Since turning in my manuscript last weekend, I’ve been taking it relatively easy. For three days in a row I didn’t even go upstairs to my office. I did work on a couple of diagrams for the manuscript, though, and was pleased at how they turned out. I’m nobody’s artist, but I think these do the job quite well.

This week’s Survivor was on the tame side, I thought. The product placement segment was as well done as these sorts of things can be. There were no huge developments, and even the blindside wasn’t that big a deal, I thought. I wouldn’t mind it if the women went on a clean sweep of the men. I wonder what things would be like on the island after that, once they’re forced to turn on each other. Could be entertaining.

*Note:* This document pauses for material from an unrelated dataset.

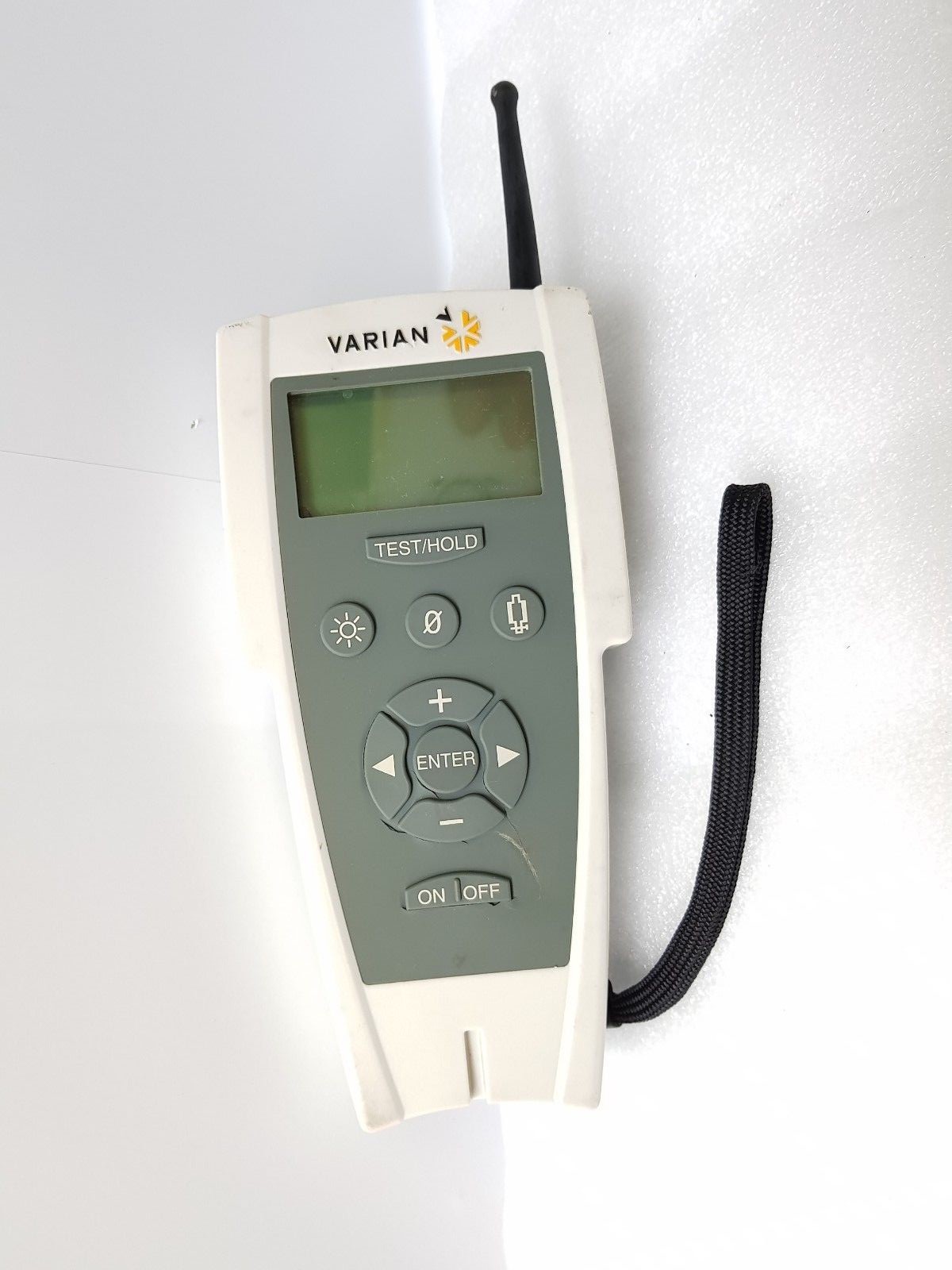 Varian Hand-Held Remote Control Model VSLDWRC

I watched Tinker, Tailor, Soldier, Spy last night. A well done Cold War spy thriller, a remake of a BBC TV series from the late seventies and an adaptation of the John LeCarre novel. He knew whereof he wrote, having been a member of the circus himself for many years. Made me think about how much things have changed in the last 25 years or so. In 1986, I walked from the train station in Berlin to Checkpoint Charlie, crossed over to East Berlin and spent the next ten days behind the wall. There’s hardly anything to compare it to these days. I’d love to go back to Berlin some day and see what it’s like now. I know I was anxious the whole time I was on the other side, paranoid that I was being watched constantly, though there was probably some truth to that. I was astonished at how freely I was able to move about, though. I figured people would ask me for my papers all the time, but I got on a train and went to Leipzig without anyone questioning my intentions. I had to register with the local police when I got there, but I had to do that when I lived in Switzerland, too, so that wasn’t a huge deal.

Gary Oldman was excellent in a role established by Alec Guinness. I hope he didn’t get paid by the word, though, because he was silent a lot of the time he was on screen, and often only said one or two words when called upon to speak. He was intense, though, and cracks in his British veneer showed through from time to time. I always like seeing Toby Jones, too. I spent a pleasant half hour or so talking with him in his trailer during a lunch break on the set of The Mist a few years back. The movie made you work to figure out what was going on some of the time. It certainly didn’t coddle the audience. Makes me want to see the original now, though, since it was seven hours long and the movie was only two.